* _Work task_
The records below need to be repeated exactly, though not their pictures.

»»

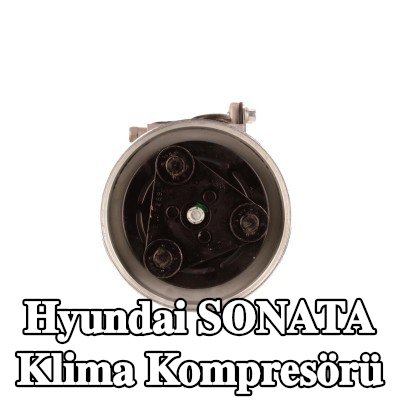 WALKER Klima kompresörü — 1997 Hyundai Sonata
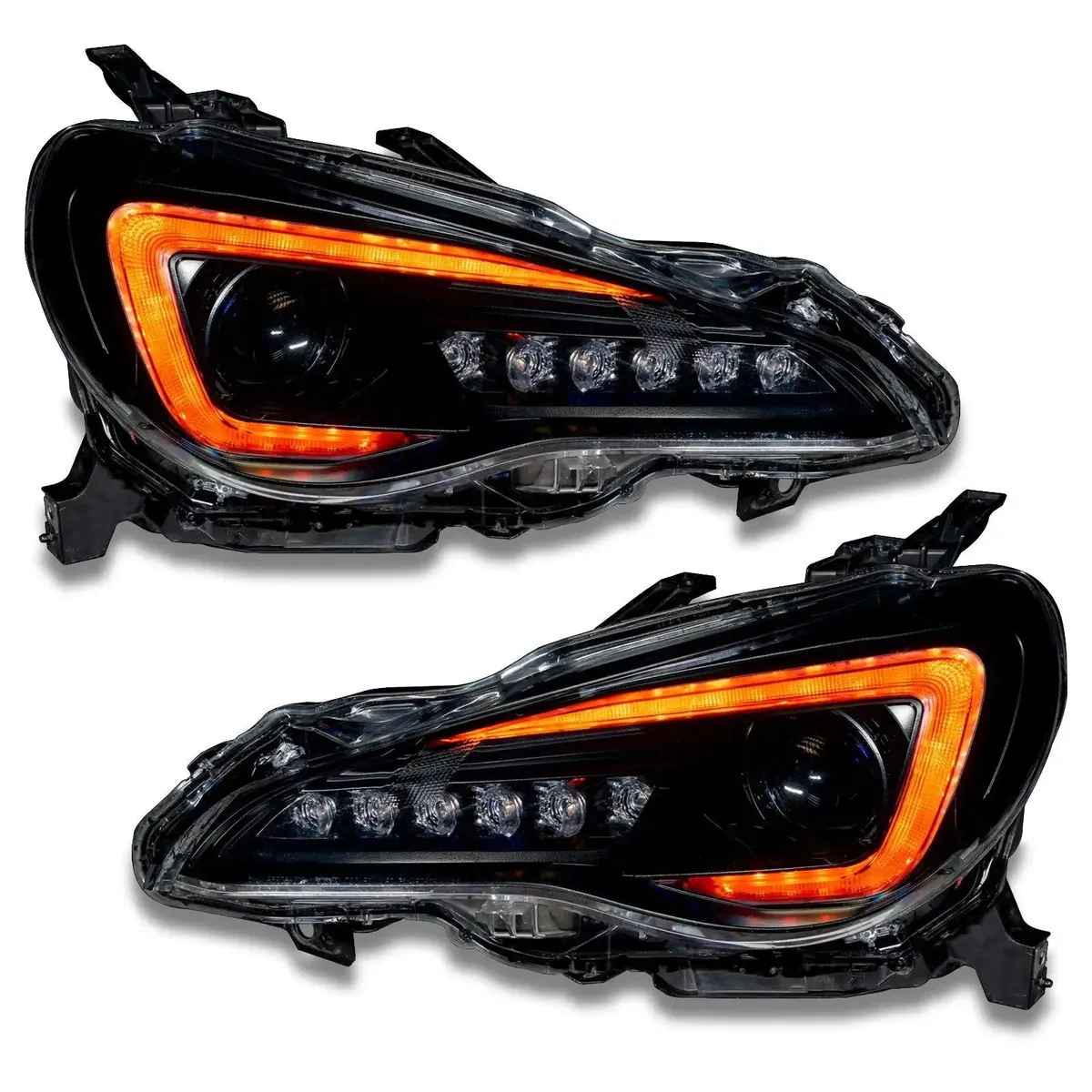 Oracle Lighting 2017-2020 Subaru Brz Dynamic Colorshift Headlight DRL Upgrade product image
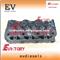 3GM30 Crankshaft Cylinder Head 3GM30 Cylinder Block For Yanmar Excavator - img2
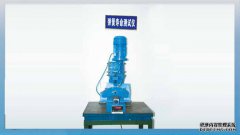 Spring Torsion Tester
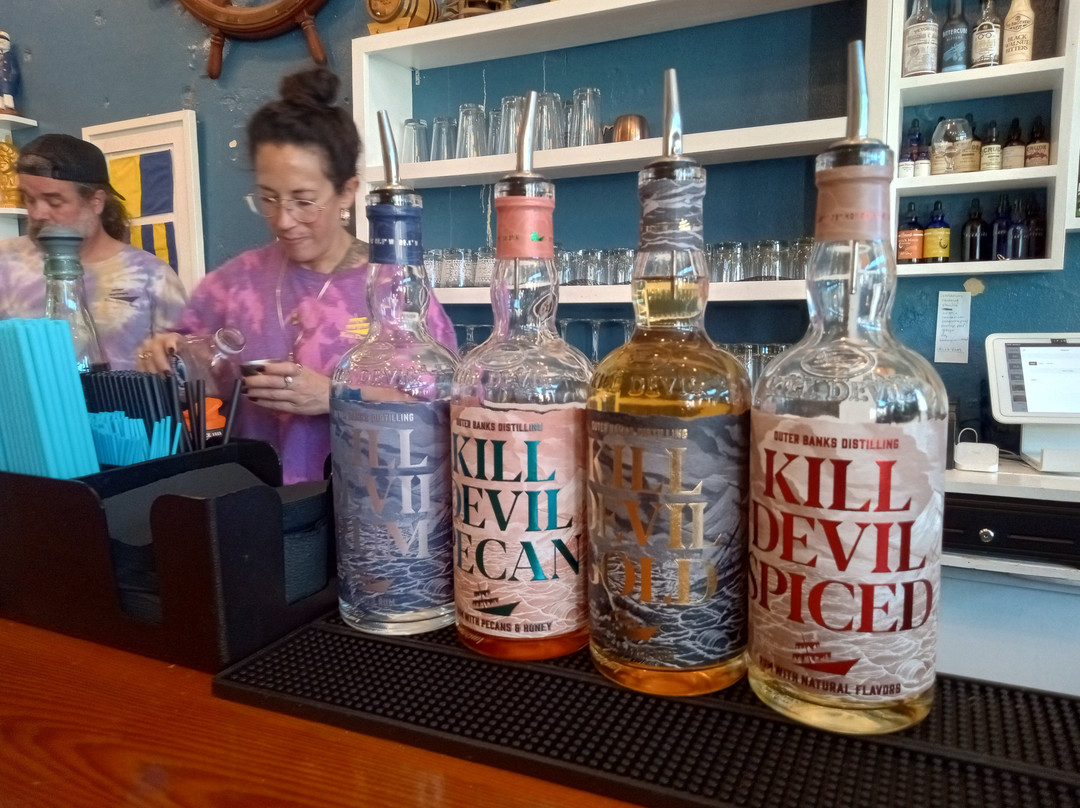 Outer Banks Distilling-Manteo必去景点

««

* _Response below_
 WALKER Klima kompresörü — 1997 Hyundai Sonata
 Oracle Lighting 2017-2020 Subaru Brz Dynamic Colorshift Headlight DRL Upgrade product image
 3GM30 Crankshaft Cylinder Head 3GM30 Cylinder Block For Yanmar Excavator - img2
 Spring Torsion Tester
 Outer Banks Distilling-Manteo必去景点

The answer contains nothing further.